DYLAN: Anyway, I was playing a lot of songs I didn’t want to play. I was singing words I didn’t really want to sing. I don’t mean words like “God” and “mother” and “President” and “suicide” and “meat cleaver.” I mean simple little words like “if” and “hope” and “you.” But “Like a Rolling Stone” changed it all.

This seems honest and true simply because you can hear it and see it and judge it for yourself in the videos from Newport and in Dont Look Back. It confirms an assumption, a bias that is already built in. On the booing at Newport and Long Island and elsewhere on his fall tour of the United States:

DYLAN: I was kind of stunned. But I can’t put anybody down for coming and booing: after all, they paid to get in. They could have been maybe a little guieter and not so persistent, though. There were a lot of old people there, too; lots of whole families had driven down from Vermont, lots of nurses and their parents, and well, like they just came to hear some relaxing hoedowns, you know, maybe an Indian polka or two. And just when everything’s going all right, here I come on, and the whole place turns into a beer factory. There were a lot of people there who were very pleased that I got booed. I saw them afterward. I do resent somewhat, though, that everybody that booed said they did it because they were old fans.

On his break from topical songs, Dylan is a cross between honest and mysterious. By the end of 1965 Joan Baez had already opened her school for non-violent resistance and had stopped paying her income taxes to protest against American militarism, but Dylan had firmly broken with the cause:

PLAYBOY: Do you think it’s pointless to dedicate yourself to the cause of peace and racial equality?

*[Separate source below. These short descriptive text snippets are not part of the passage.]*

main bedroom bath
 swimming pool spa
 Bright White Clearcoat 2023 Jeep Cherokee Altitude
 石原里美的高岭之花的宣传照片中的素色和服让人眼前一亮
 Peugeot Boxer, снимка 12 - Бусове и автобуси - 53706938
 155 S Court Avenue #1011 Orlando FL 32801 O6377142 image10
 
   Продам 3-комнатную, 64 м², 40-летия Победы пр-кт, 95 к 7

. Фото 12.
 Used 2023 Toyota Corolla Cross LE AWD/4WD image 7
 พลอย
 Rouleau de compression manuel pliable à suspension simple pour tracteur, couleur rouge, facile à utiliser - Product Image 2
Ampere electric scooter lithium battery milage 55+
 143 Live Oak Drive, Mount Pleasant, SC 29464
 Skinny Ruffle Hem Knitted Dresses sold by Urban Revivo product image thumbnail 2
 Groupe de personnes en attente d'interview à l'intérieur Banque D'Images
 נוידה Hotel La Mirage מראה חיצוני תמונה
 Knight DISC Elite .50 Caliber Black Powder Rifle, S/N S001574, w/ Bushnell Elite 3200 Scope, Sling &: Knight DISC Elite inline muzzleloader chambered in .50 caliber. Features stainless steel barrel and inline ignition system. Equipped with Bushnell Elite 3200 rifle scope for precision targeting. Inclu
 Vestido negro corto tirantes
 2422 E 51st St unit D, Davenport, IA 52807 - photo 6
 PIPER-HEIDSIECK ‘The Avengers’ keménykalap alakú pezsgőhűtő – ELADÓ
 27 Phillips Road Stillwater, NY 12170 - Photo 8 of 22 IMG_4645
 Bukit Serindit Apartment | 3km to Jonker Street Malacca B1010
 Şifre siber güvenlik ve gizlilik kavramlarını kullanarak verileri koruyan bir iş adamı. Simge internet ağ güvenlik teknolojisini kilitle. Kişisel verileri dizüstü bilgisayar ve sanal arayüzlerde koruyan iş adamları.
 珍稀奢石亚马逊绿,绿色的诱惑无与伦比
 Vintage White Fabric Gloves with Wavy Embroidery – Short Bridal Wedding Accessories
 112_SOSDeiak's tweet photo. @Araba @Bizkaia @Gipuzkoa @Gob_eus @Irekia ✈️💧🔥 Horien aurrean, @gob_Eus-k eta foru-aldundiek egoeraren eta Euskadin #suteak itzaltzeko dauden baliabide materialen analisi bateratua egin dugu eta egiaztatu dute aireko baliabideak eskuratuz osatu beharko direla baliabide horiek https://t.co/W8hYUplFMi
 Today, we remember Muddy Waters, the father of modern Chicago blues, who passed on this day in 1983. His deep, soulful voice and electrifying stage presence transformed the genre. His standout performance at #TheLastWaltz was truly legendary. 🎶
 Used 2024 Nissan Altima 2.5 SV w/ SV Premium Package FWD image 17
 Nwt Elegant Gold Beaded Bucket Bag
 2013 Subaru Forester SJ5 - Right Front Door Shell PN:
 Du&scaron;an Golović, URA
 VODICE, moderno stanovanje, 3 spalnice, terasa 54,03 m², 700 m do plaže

DYLAN: Not pointless to dedicate yourself to peace and racial equality, but rather, it’s pointless to dedicate yourself to the cause; that’s really pointless. That’s very unknowing. To say “cause of peace” is just like saying “hunk of butter.” I mean, how can you listen to anybody who wants you to believe he’s dedicated to the hunk and not to the butter?

Yet for all that honesty, Dylan could still be confounding, and hilarious.

DYLAN: do know what my songs are about.

PLAYBOY: And what’s that?

DYLAN: Oh, some are about four minutes; some are about five, and some, believe it or not, are about eleven or twelve.

PLAYBOY: Can’t you be a bit more informative?

DYLAN: Nope.

Poor Nat Hentoff, having to play straight man for all that.

By summer Dylan will have had his motorcycle accident and will retreat from the public eye. After the Royal Albert Hall shows in May (the real ones, not the ones mistakenly labelled as such) there would be no more live performances by Dylan until 1969. Hentoff offers us one of the last glimpses of Dylan before he turns his attention to his family and cuts off the world.